Activity:
Return, word for word, only the lines of the data below that lie between the line with "Schattige Doodle Hand" and the line with "Mini Decorative Artificial", those two lines included.

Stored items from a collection

•••

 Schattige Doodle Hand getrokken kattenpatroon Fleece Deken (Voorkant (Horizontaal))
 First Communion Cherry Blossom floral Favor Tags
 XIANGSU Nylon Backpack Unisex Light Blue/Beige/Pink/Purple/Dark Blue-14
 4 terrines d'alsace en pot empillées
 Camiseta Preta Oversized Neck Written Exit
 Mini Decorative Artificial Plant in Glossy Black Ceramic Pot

•••

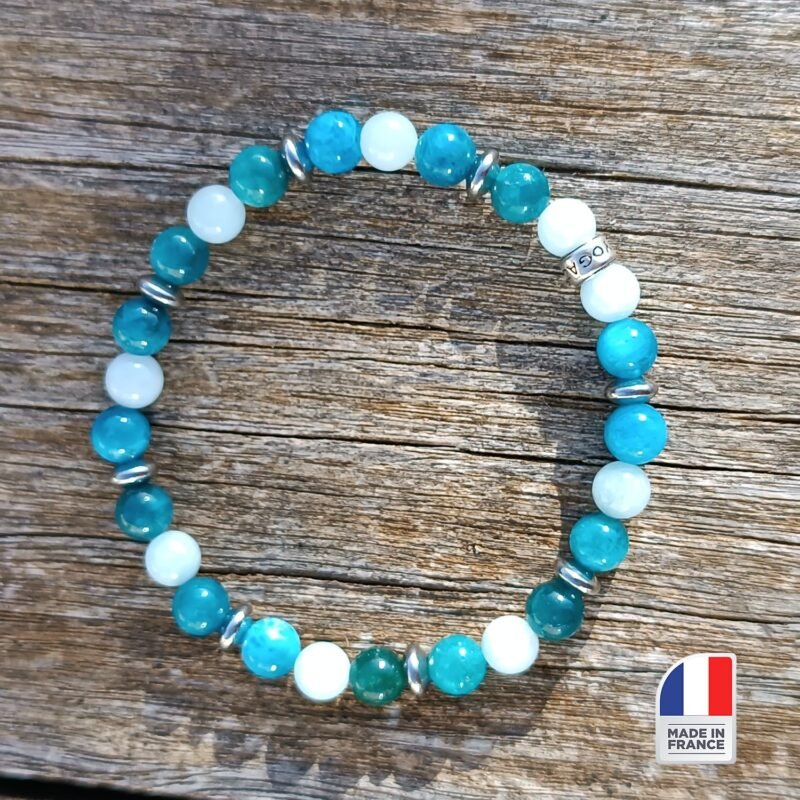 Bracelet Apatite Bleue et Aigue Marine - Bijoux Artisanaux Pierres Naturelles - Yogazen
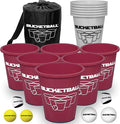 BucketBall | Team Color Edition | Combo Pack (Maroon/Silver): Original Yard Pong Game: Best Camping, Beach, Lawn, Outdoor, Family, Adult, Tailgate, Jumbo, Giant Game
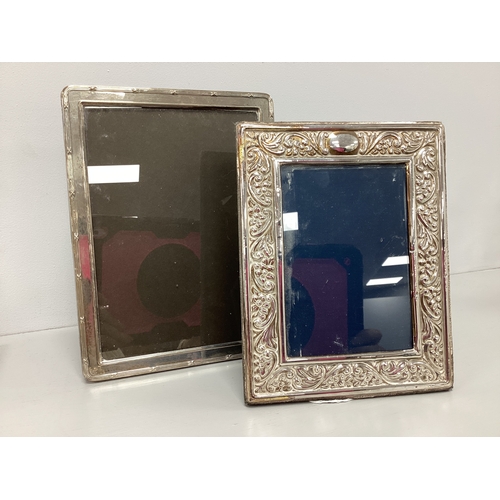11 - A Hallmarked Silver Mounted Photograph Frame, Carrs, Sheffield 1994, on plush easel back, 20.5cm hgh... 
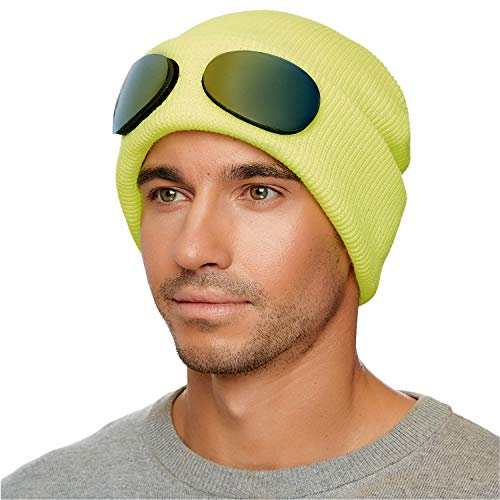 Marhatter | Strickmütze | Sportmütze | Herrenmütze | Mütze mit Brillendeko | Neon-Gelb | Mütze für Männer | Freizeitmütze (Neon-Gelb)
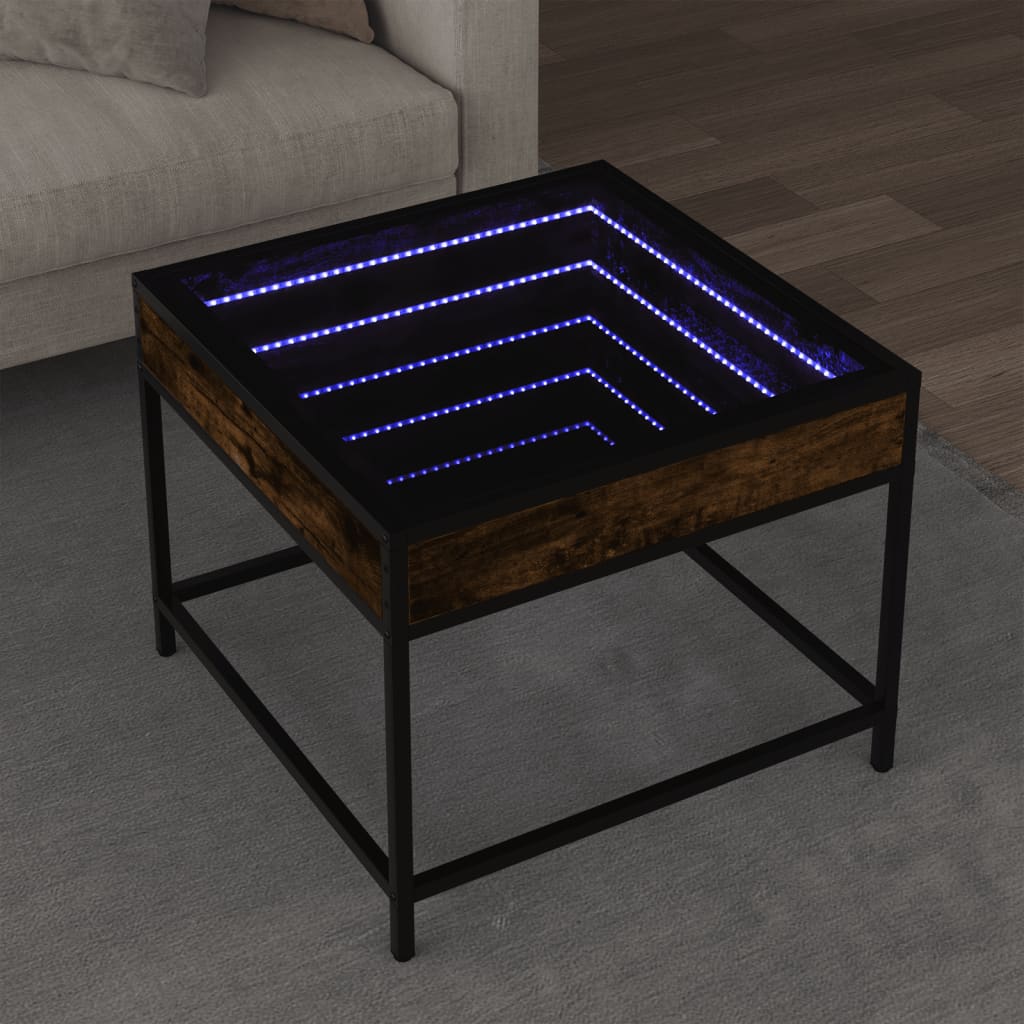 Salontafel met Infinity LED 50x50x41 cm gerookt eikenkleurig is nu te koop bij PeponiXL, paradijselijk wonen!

•••

Response box:
 Schattige Doodle Hand getrokken kattenpatroon Fleece Deken (Voorkant (Horizontaal))
 First Communion Cherry Blossom floral Favor Tags
 XIANGSU Nylon Backpack Unisex Light Blue/Beige/Pink/Purple/Dark Blue-14
 4 terrines d'alsace en pot empillées
 Camiseta Preta Oversized Neck Written Exit
 Mini Decorative Artificial Plant in Glossy Black Ceramic Pot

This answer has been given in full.